The Throughput Paradox – Why a Machine Learning API Needs Load Shedding

Especially compute-intensive services like a machine learning inference API can heavily suffer from queueing effects. I will demonstrate this with response time measurements of small demo service and show how to deal with this using load-shedding

Classical web services are often I/O bound because of their database connections or source files they have to deliver. In contrast, machine learning APIs are in general heavily CPU bound. A single request on a prediction endpoint may block a CPU for as much as a second. Therefore it is vital to think about the expected load patterns and test the performance under load. If the number of clients exceeds the number of available server processes the response time can quickly explode because of the queue the requests have to go through. In effect the throughput decreases. The more client requests come, the fewer can actually be served.

To an outside observer, there’s no difference
between “really, really slow” and “down” – Michael T. Nygard, “Release It!”, p. 119

An example service

In order to demonstrate the effect we can create a small demo service in Python using fastapi:

import asyncio
import concurrent

from fastapi import FastAPI, Response

import hashlib
from timeit import default_timer as timer

app = FastAPI()

def calculate(input: str, timeout=5.0):
    start = timer()
    output = input
    m = hashlib.sha256()
    while timer() < start + timeout:
        m.update(output.encode('utf-8'))
        output = m.hexdigest()
    return output

@app.on_event("startup")
async def on_startup():
    workers = 1
    queue_length = 2
    app.state.pool = concurrent.futures.ProcessPoolExecutor(max_workers=workers)
    app.state.semaphore = asyncio.Semaphore(queue_length)

@app.on_event("shutdown")
async def on_shutdown():
    app.state.pool.shutdown()

@app.get("/calculate-limited")
async def get_calculate_limited(argument: str, response: Response):
    if app.state.semaphore.locked():
        response.status_code = 503
        return {"error": "Too many requests"}
    async with app.state.semaphore:
        loop = asyncio.get_running_loop()
        x = await loop.run_in_executor(app.state.pool, calculate, argument, 0.5)
        return {"result": x}

@app.get("/calculate")
async def get_calculate(argument: str):
    x = calculate(argument, 5)
    return {"result": x}

if __name__ == '__main__':
    import uvicorn
    uvicorn.run(app, port=8088, workers=1, backlog=4)

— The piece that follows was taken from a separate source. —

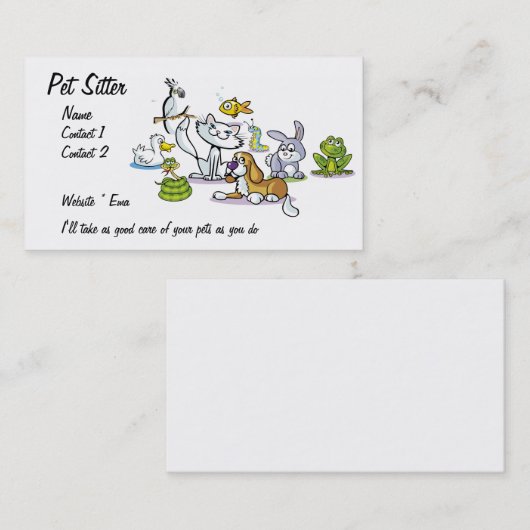 Pet Sitter Visitekaartje (Voorkant / Achterkant)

This is the wire frame of a typical though very minimal machine learning prediction API. In order to focus on the actual topic the actual machine learning model is replaced here by the function calculate(). It simply keeps the CPU busy for a certain amount of time just by calculating hash sums of the input string. The specialty of a machine learning model is that it does just that. It doesn’t read files or call backend services, but just loads the CPU (or GPU) with instructions.

Note that the example services has a constant and deterministic processing time of about 500ms, because that’s how long the calculate() function keeps running.

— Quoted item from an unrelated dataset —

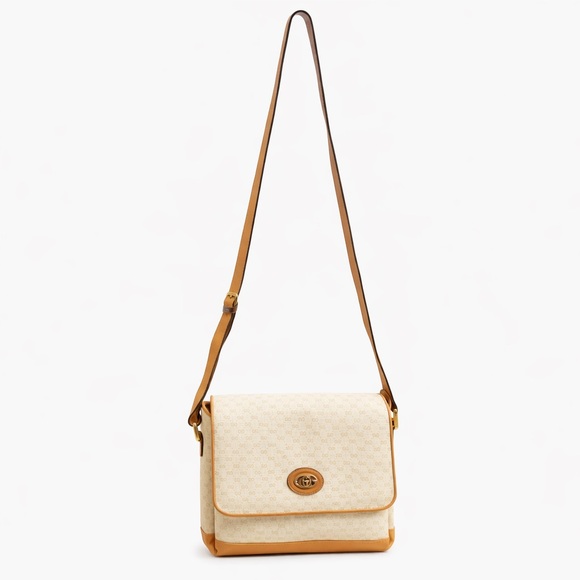 Vintage Gucci Micro GG Canvas Flap Shoulder Messenger Bag Tan Leather w/ COA - Picture 3 of 11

That means the maximum throughput of the service is 1/500ms = 2/s.

Response times under load

Now let’s analyze the behaviour of such a service under load. For this purpose we use bombardier, a very simple but extremely fast and easy to handle load testing tool.

Start the API:

> python api.py
INFO:     Started server process [324095]
INFO:     Waiting for application startup.
INFO:     Application startup complete.
INFO:     Uvicorn running on http://127.0.0.1:8088 (Press CTRL+C to quit)

Do a single request:

> curl 'localhost:8088/calculate?input=test'
{"result":"66d4582f0282176dba7650ee1805e8cbfed5511c42f5de920722b9503da11754"}

Do a load test for 30 seconds with just one client and a request timeout of 2 seconds:

> bombardier -c 1 -t 2s -d 30s --latencies 'localhost:8088/calculate?input=test'
Bombarding http://localhost:8088/calculate?input=test for 30s using 1 connection(s)
[==========================================================================================] 30s
Done!
Statistics        Avg      Stdev        Max
  Reqs/sec         1.97       9.52      57.37
  Latency      501.45ms     1.12ms   508.72ms
  Latency Distribution (Total)
     50%   501.20ms
     75%   501.26ms
     90%   501.40ms
     95%   501.86ms
     99%   504.98ms
  Latency Distribution (2xx)
     50%   501.20ms
     75%   501.26ms
     90%   501.40ms
     95%   501.86ms
     99%   504.98ms
  HTTP codes:
    1xx - 0, 2xx - 60, 3xx - 0, 4xx - 0, 5xx - 0
    others - 0
  Throughput:     566.33/s

So we see what we would expect. The response time is at around 500ms and no request runs into the defined timeout of two seconds.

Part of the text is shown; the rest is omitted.